2. Le modèle écossais
Il n'existe pas d'exemple étranger de mise en oeuvre d'un droit au logement opposable hormis celui de l'Ecosse. Son dispositif, qui a déjà pu faire l'objet d'une première évaluation sur la base de trois années d'application, peut être instructif et servir de modèle pour l'instauration d'un droit au logement opposable à la française. Avec le Homeless Scotland Act , voté en 2003, l'Ecosse a en effet ouvert la voie vers la reconnaissance d'un droit au logement opposable.
Cette réforme a été mise en oeuvre par étapes : dès l'automne 2002, avant même l'adoption de la loi, tout demandeur prioritaire a pu exiger d'accéder effectivement à un logement temporaire ; le dispositif s'est rapidement élargi à des catégories prioritaires de plus en plus larges avant la généralisation de ce droit à l'ensemble de la population prévu pour 2012.
Les personnes concernées peuvent faire valoir leur droit auprès d'une collectivité locale, généralement leur collectivité de résidence ou d'origine et, le cas échéant, l'assigner devant la chambre administrative du tribunal civil. Selon les situations, la collectivité est tenue de proposer un logement durable, un hébergement institutionnel et, si la situation du demandeur le justifie, des services et prestations.
Cette loi est accompagnée d'un « code d'orientation » qui s'apparente à un manuel d'utilisation de la loi à destination des collectivités responsables. Des principes d'arbitrage sont posés afin de limiter les décisions d'opportunité : à titre d'exemple, une femme avec deux enfants relève de façon évidente d'une catégorie prioritaire. En revanche, une personne qui se plaindrait du caractère inconfortable de son logement serait soumise à une évaluation du caractère « raisonnable » de sa demande, celle-ci pouvant être arbitrée in fine par une cour de justice.

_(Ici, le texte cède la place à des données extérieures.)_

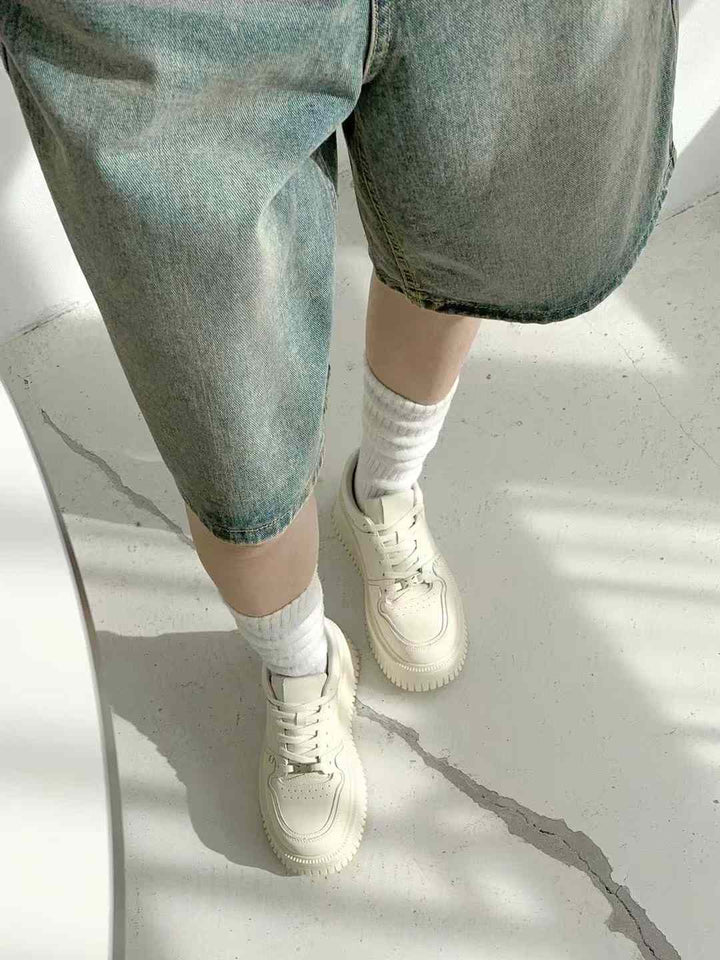 KNA507 ~ Lamb Skin Platform 6cm Shoes (No Box)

Dans le droit écossais, le tribunal n'intervient que si la loi n'a pas été respectée ou si la capacité discrétionnaire de la collectivité a été exercée improprement. Pour éviter les dérives, le code d'orientation définit très précisément la situation de « mal-logement », ses circonstances et la grille de correspondance entre ces circonstances et les prestations auxquelles elles peuvent donner droit.
Les premiers résultats positifs consécutifs à l'application du Homeless Scotland Act sont très certainement liés au travail considérable réalisé en amont pour développer le potentiel d'offre de logements et préparer les acteurs de proximité et les élus à sa mise en oeuvre sur le terrain.